Para os reformadores, as danças folclóricas, jogos de cartas, procissões etc, eram tradições
pagãs, não faziam parte do dogma cristão. A crítica ferrenha era sobre o carnaval, que
segundo os reformadores, deixava as pessoas libidinosas, inclinadas ao pecado da carne, à
fornicação provocada pelo toque impuro e até o uso de máscaras, os reformadores não
queriam criar uma cultura própria, eles queriam alcançar o povo. As recreações populares
deveriam acabar pois era “desperdício de tempo e dinheiro”. Neste segundo momento, os
leigos tiveram um papel mais ativo na reforma, a Companhia do Sagrado Sacramento, por
exemplo, era composta por padres e leigos. A reforma da cultura popular ia além da devoção,
era também uma mudança de perspectiva religiosa.

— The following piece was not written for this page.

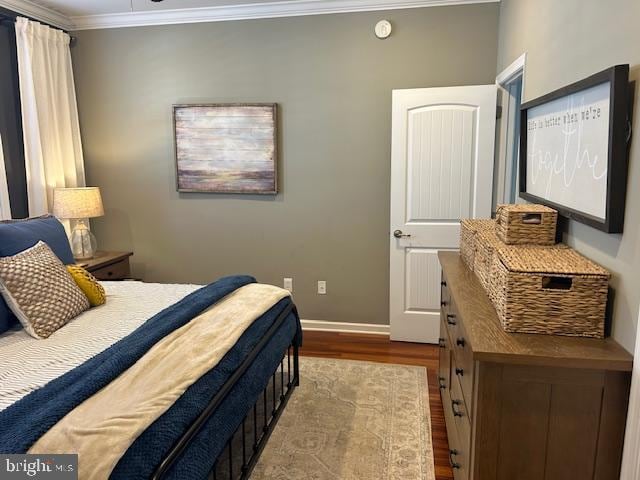 bedroom featuring crown molding and hardwood / wood-style flooring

Segundo Burke, houve “reforma dentro da reforma”. Os reformadores sabiam que eles
não poderiam simplesmente se desfazer da cultura popular, então passaram a substituí-la. Os
católicos não proíbem as festas, eles tomam medidas para purificá-la; eles não acabam com as
imagens, eles as reformulam e criticam a superstição (superstição enquanto um medo
irracional, credo em práticas sem efeitos) ainda, os reformadores colocaram as imagens e
gravuras no catecismo, para melhor compreensão. Os reformadores protestantes publicaram a
Bíblia para diversos idiomas, medida que contribuiu para o desenvolvimento da linguagem e
da literatura da época. Nem todos tinham acesso à Bíblia, seja pelo preço ou pela falta de
alfabetização, muitos artesãos e camponeses, provavelmente só conheceram a bíblia de
maneira oral ou de segunda mão.
Segundo Burke, a reforma teve dois lados: o positivo e o negativo. O lado positivo foi a
democratização da reforma, que chegou ao campo e aos leigos, trabalhadores bem populares.
E o negativo, foi o apagamento de itens da cultura popular pela preocupação com a
purificação. A reforma da cultura popular, ocasionada pelas reformas católicas e protestantes,
foi mais acrescentada do que suprimida. Porém, a cultura popular deixou de ser algo comum a
todos e no fim do século XVIII, a sua reforma passou a ser evidência da separação entre povo
e a elite intelectual.
Referências:
BURKE, Peter. “A vitória da Quaresma”. In: Cultura popular na Idade Moderna. São Paulo,
Companhia das Letras, 1989, p. 231-257.
DELUMEAU, Jean. “O Renascimento como Reforma da Igreja”. In: A civilização do
Renascimento. Lisboa, Estampa,1985, p. 121-147.